Vanderbilt is in the process of completing a $30 million expansion at its Murray facility, which was built in 1969. The expansion increases capacity by 50 percent with four of its nine production lines now being fully automated. The company said its current capacity is 12,500 metric tons a year.

The company also will transfer its displaced volume from its chemicals plant in Bethel, Conn., to Murray by the end of 2014. This will include production of specialty chemical lubricant additives for oils, fluids and greases in addition to additives for rubber and plastics, paints and coatings.

The move will reduce jobs at the Bethel plant. Talks are ongoing between Vanderbilt and the union at the Bethel factory.

"We do value our work force," said Vanderbilt President Ken Kelly. "If there are opportunities at the Murray facility or here in our Norwalk offices, those individuals will certainly be given due consideration."

Hugh Vanderbilt, Vanderbilt Holding Co. chairman and CEO, said in a statement that the decision to consolidate the commercial production was difficult. He said it will allow the company to compete more effectively in a competitive manufacturing environment.

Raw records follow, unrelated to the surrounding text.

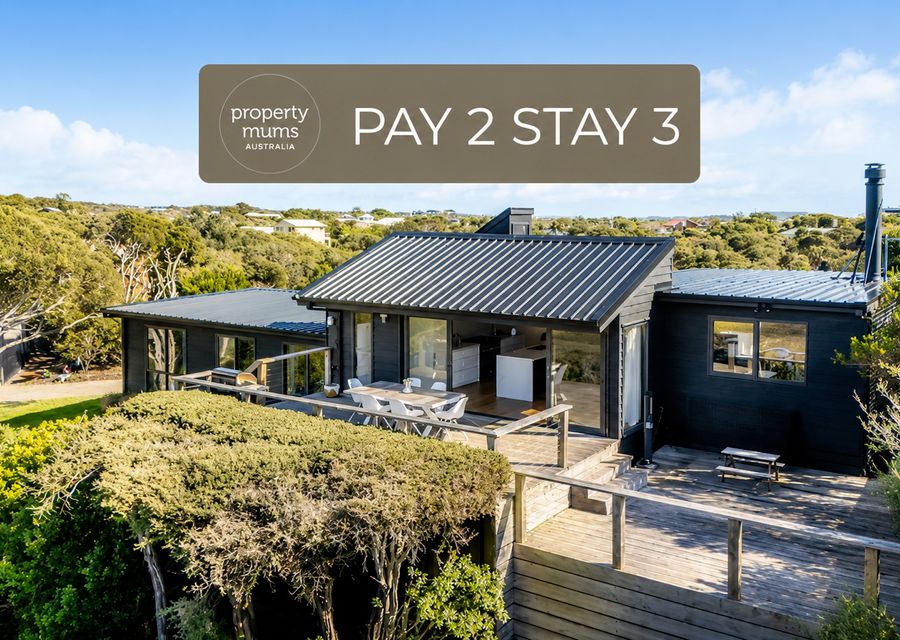 Capeviews on Higgins with separate Studio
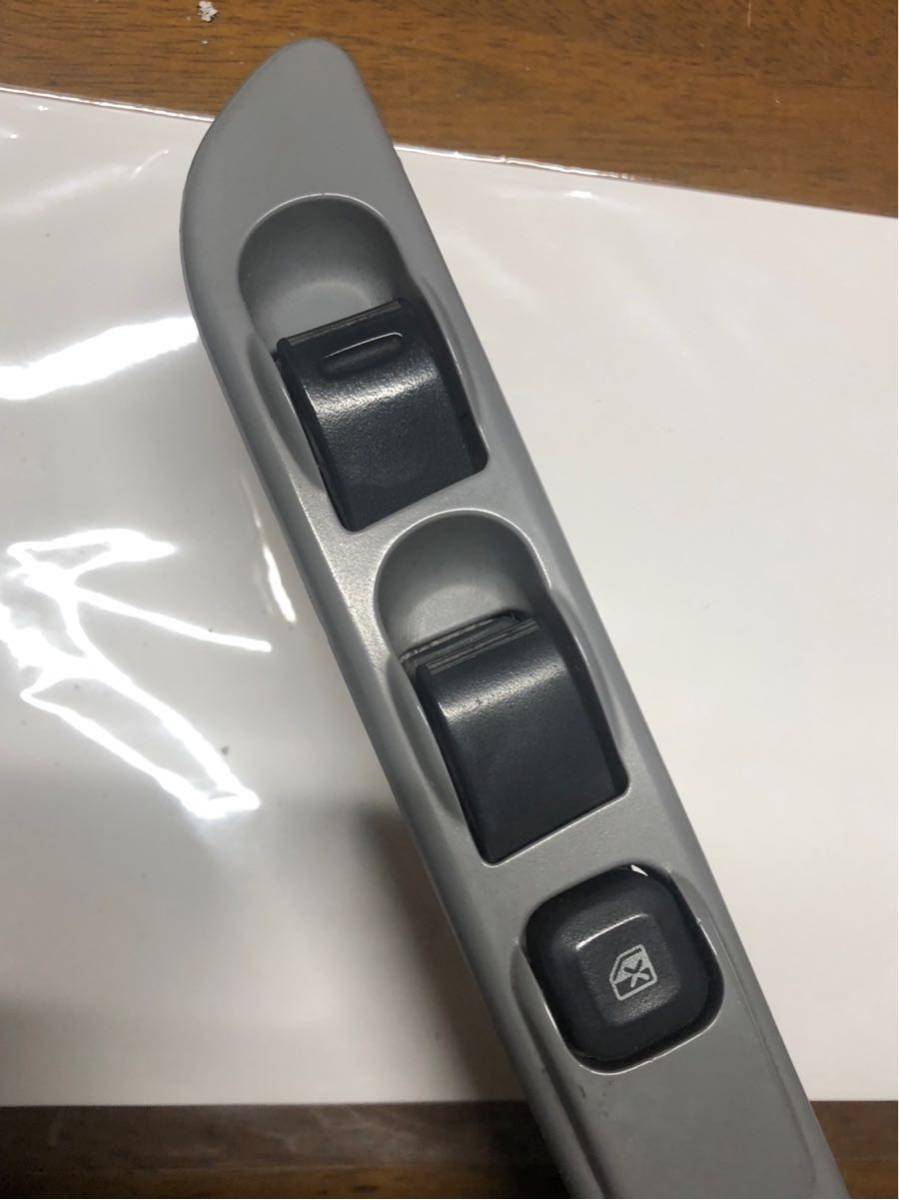 三菱ふそう キャンター 純正パワーウインドウスイッチ 右側 中古品 24V
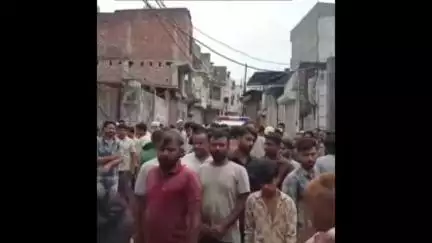 सहारनपुर: सहारनपुर में वन विभाग ने नदीम कॉलोनी में छापा, अवैध रूप से चल रही दो आरा मशीनें की सील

The company will continue to maintain a pilot plant and research and development laboratory in Bethel to support the chemicals business.

"We're going to keep all of the permitting for the plant so if we see an uptick in demand, we'll be able to bring that facility back up quickly," Kelly said. "It will also provide, because the chemistry of the two plants is similar, some reassurance to our customers that we do have another production site."

Kelly said the expansion in Murray utilizes a Distributed Control System designed and programmed by Yokogawa.

The DCS will manage hundreds of automated smart valves, which will result in tight control over all processes of manufacturing, the firm said.

Vanderbilt produces dithiocarbamate chemicals used as accelerators in the rubber industry, antioxidants in adhesives, friction modifiers and extreme pressure additives in the lubricant area.

"The R&D is a critical part of our development process," Kelly said. "It's going to continue to be an area of investment and be part of our active growth plans. A lot of the processes that we do all go through the pilot works."